• _Data to examine_:
=== Begin Enclosure ===

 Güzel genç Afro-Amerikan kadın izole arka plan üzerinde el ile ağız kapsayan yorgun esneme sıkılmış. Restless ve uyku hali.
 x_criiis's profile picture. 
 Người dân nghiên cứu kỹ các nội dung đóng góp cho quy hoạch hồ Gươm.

=== End Enclosure ===
=== Begin Enclosure ===

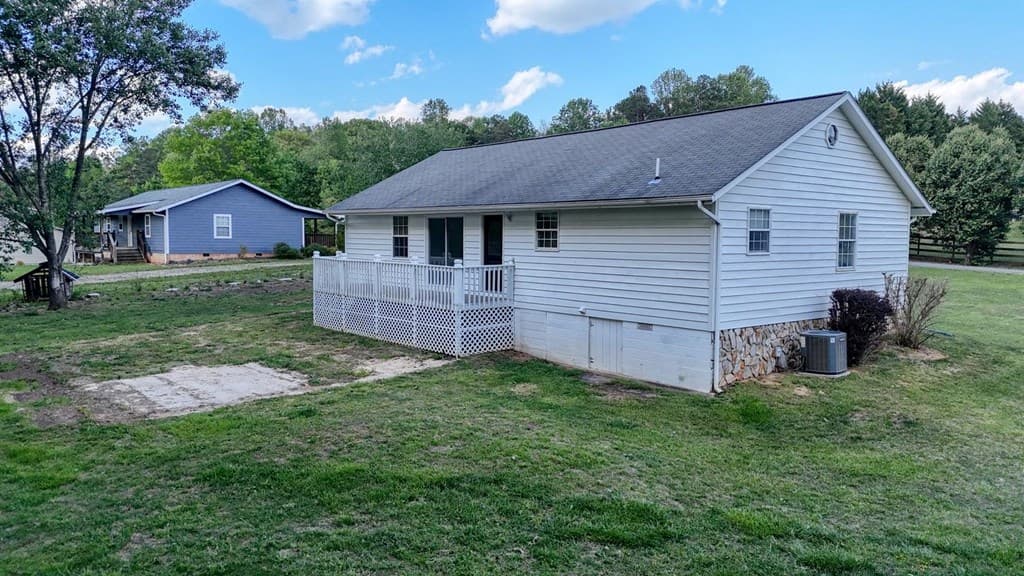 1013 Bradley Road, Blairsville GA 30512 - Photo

=== End Enclosure ===
=== Begin Enclosure ===

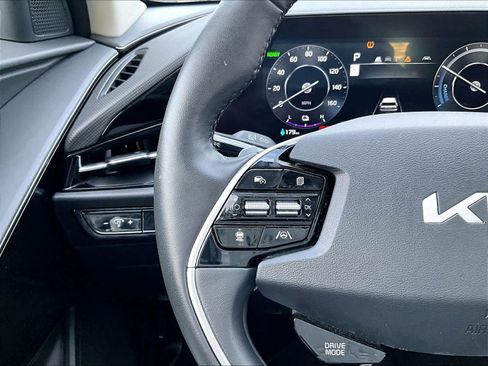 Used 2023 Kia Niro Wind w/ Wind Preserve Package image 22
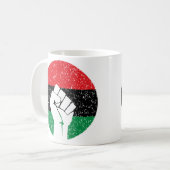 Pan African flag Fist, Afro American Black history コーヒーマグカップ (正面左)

=== End Enclosure ===

Would you transcribe the lines above exactly, going from the line bearing "Used 2023 Kia" through the line bearing "Pan African flag", and drop the pictures from the copy?

 Used 2023 Kia Niro Wind w/ Wind Preserve Package image 22
 Pan African flag Fist, Afro American Black history コーヒーマグカップ (正面左)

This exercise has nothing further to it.